Which NBA newbies are earning rotation spots while piecing together a quality preseason?
For a couple prominent rooks, Trey Burke and C.J. McCollum, the beginnings of their NBA journeys have unfortunately contained injuries.
Other selections, including fifth overall pick Alex Len, have displayed fairly inconsistent preseasons.
There have, however, been youngsters who are raising eyebrows. Their performances are helping them solidify a role come regular season.
Let's break down which players are currently carving their niche with their respective franchises.
Gorgui Dieng, Minnesota Timberwolves: Gorgui Dieng has only had one solid outing (he's played just two games), so it's hard to justify giving him his own slide. This one superb showing was impressive, though. He notched nine points, nine rebounds and four blocks, creating a picture of what type of player he'll be. Steady contributions like this will help him log minutes backing up center Nikola Pekovic.
Tony Snell, Chicago Bulls: Tony Snell's length and athleticism already make him a serviceable defender, but his recent output offensively will really give Chicago Bulls coach Tom Thibodeau something to think about. Snell poured in 12 points (5-8 FG) including two three-pointers in their latest win over the Detroit Pistons. If Snell can effectively score, particularly from distance where he'll space the floor for Derrick Rose, then he could nab a role in Chicago's second unit.
Tim Hardaway Jr., New York Knicks: Tim Hardaway Jr. is averaging 13 points per game in four contests, but the trouble is that the New York Knicks' backcourt is clogged. While his play is warranting him a role off the bench, this could be problematic with a healthy J.R. Smith and Iman Shumpert. This is why Hardaway Jr. can only be recognized in the Honorable Mention category.
Anthony Bennett, Cleveland Cavaliers: The No. 1 overall selection has showed reasons why he was taken first, such as double-digit scoring in two of four games and six total three pointers. However, he has also looked inept at times, amplified by an excessive foul tally and too many turnovers. These struggles prevent his face from appearing in its own slide, but he is still progressing in an acceptable manner.

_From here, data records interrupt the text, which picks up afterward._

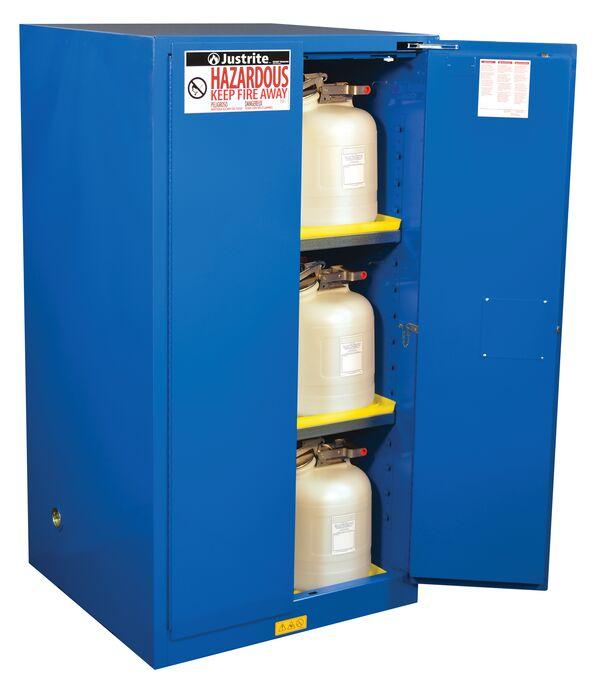 Justrite™ Sure-Grip® EX Hazardous Material Safety Cab., 60 Gal., 2 shelves, 2 s/c doors, Royal Blue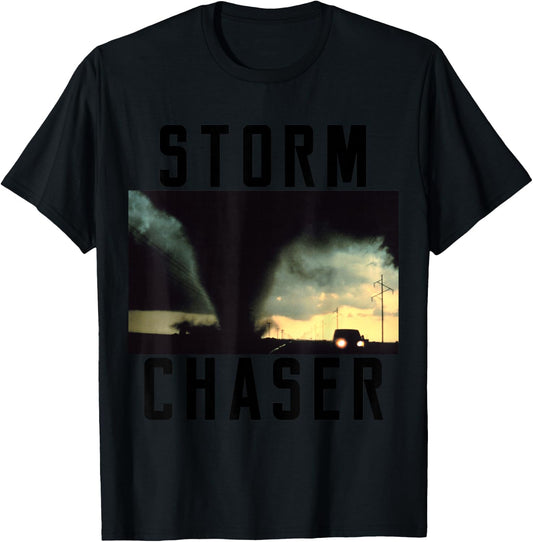 Storm Chaser Tornado Picture Weather Meteorologist T-Shirt - T-Shirt | Black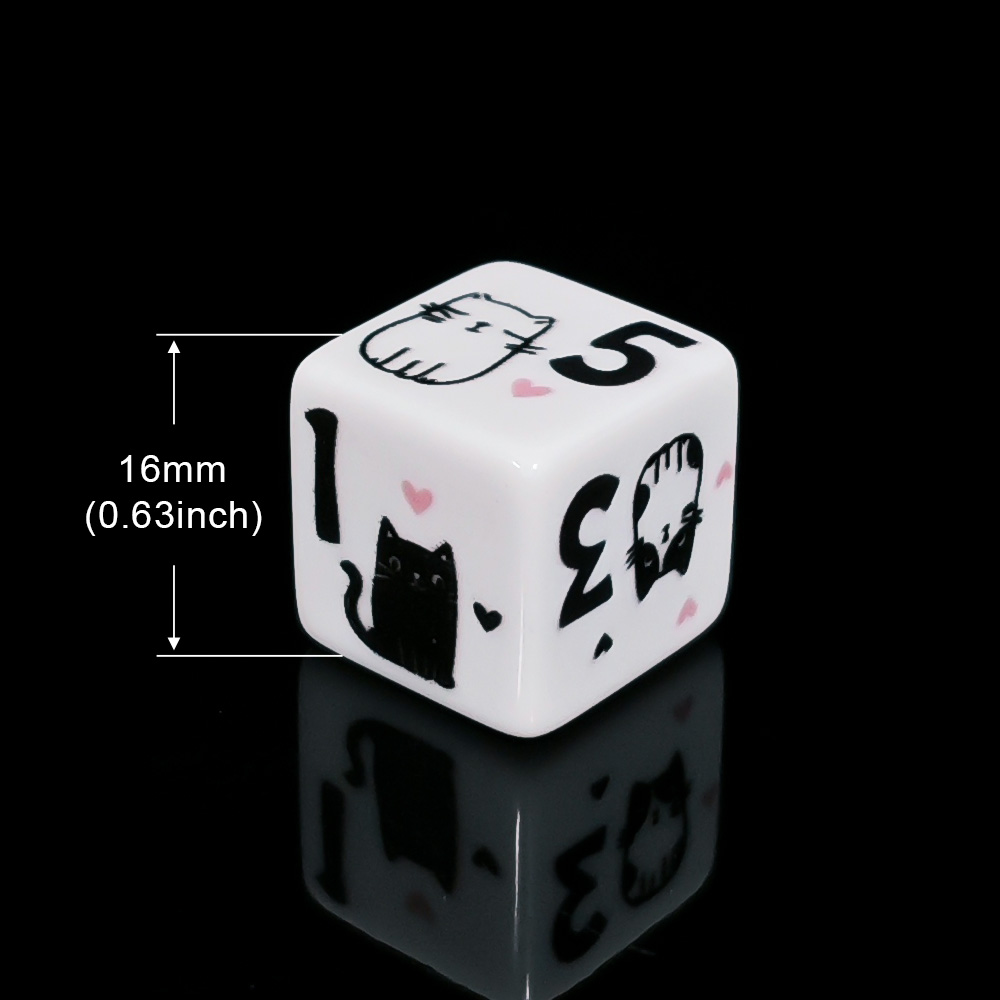 12 ชิ้น/ชุด ลูกเต๋ารูปแมวน่ารั - Board Game Design บทวิจารณ์และราคา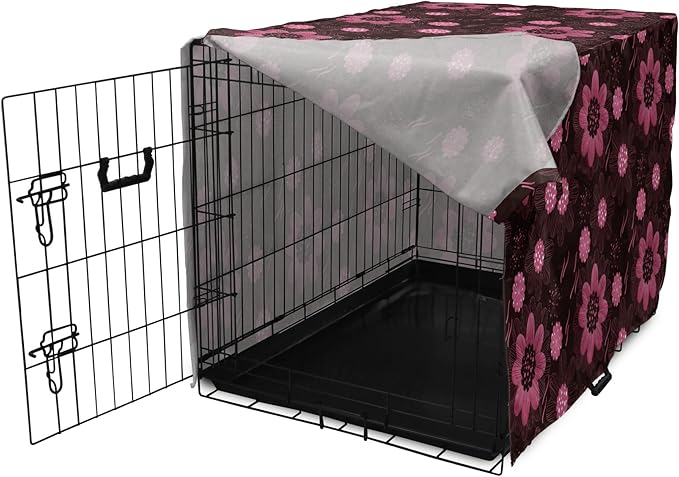 Lunarable Floral Dog Crate Cover, Botanical Theme Flowers Pattern Natural Art Abstract Blossoms, Easy to Use Pet Kennel Cover for Cats & Medium Dogs, 30 Inch, Charcoal Grey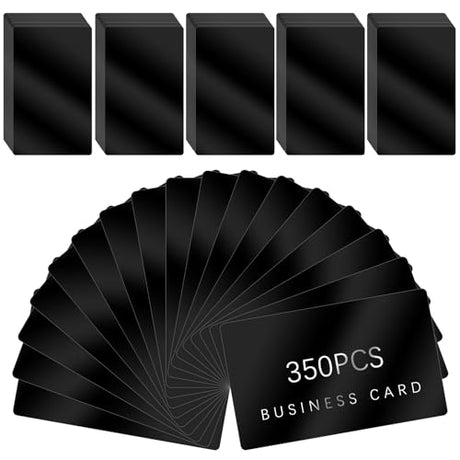 350 Pcs Metal Business Card Blanks, Black Aluminium Metal Business Cards for CNC Laser Engraving Engraver Multipurpose Personalized Custom Business Cards Blank Thickness 0.01 Inch lipetol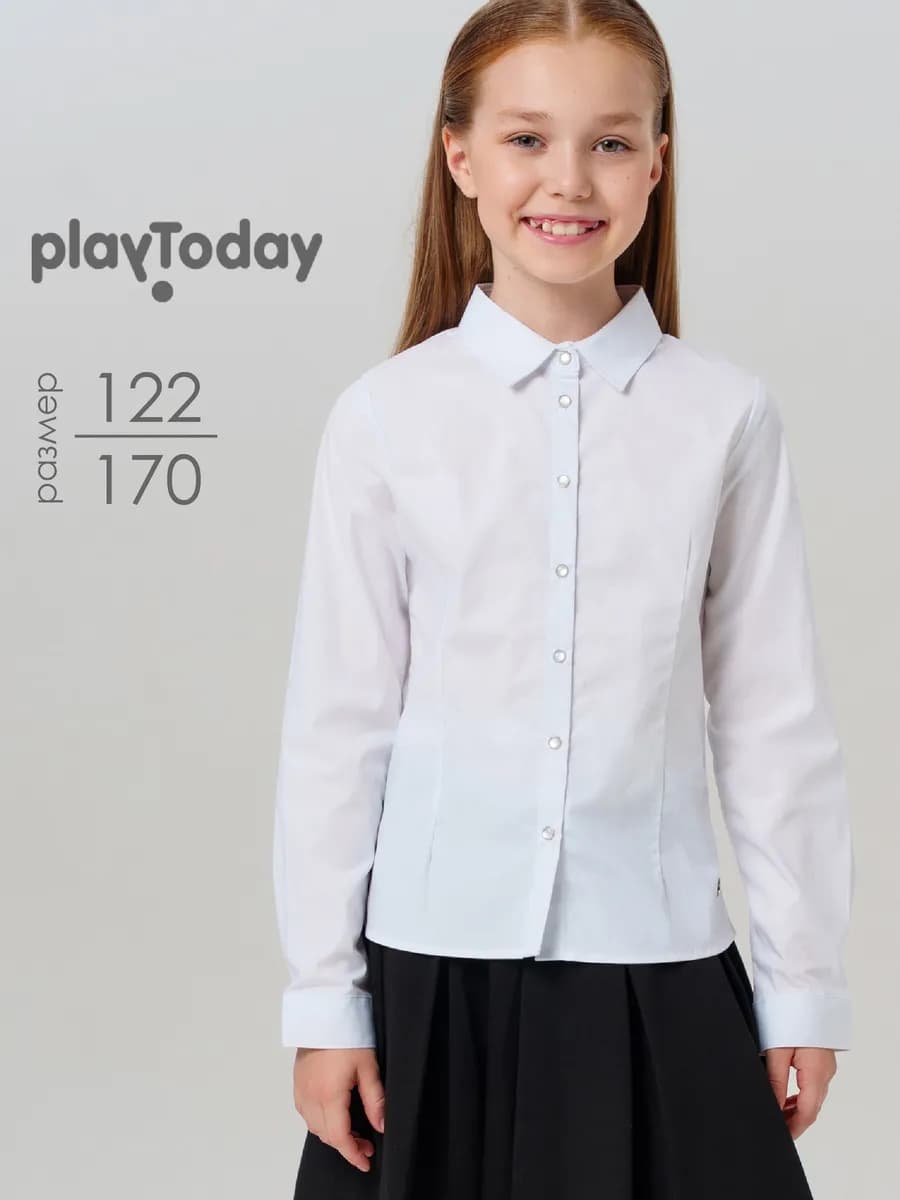 Блузка базовая приталенная белая на кнопках рубашка школьная - фото 1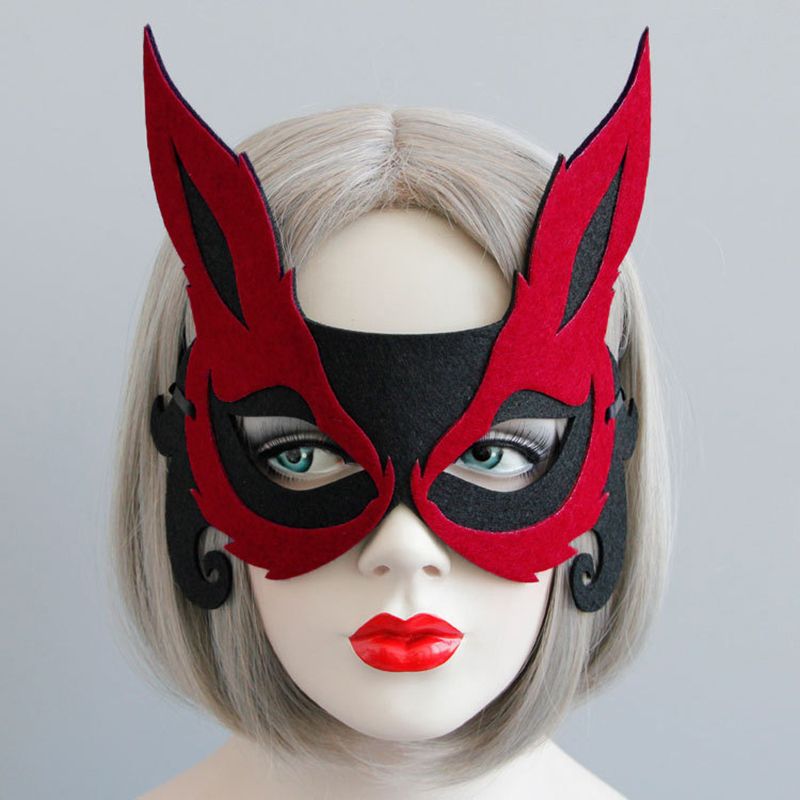 2021 Red & Black Fox Half Face Mask Masquerade Unisex Half Face Fox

Kentavious Caldwell-Pope, Detroit Pistons
Kentavious Caldwell-Pope has displayed some good and bad during the preseason. While his shooting percentage has been ugly (including a 1-12 mark in his opening game), his potential to be a high-volume scorer is clear.
This was evident in a recent outing against the Bulls, as he scored 18 points and cashed three long-range balls (see the above video).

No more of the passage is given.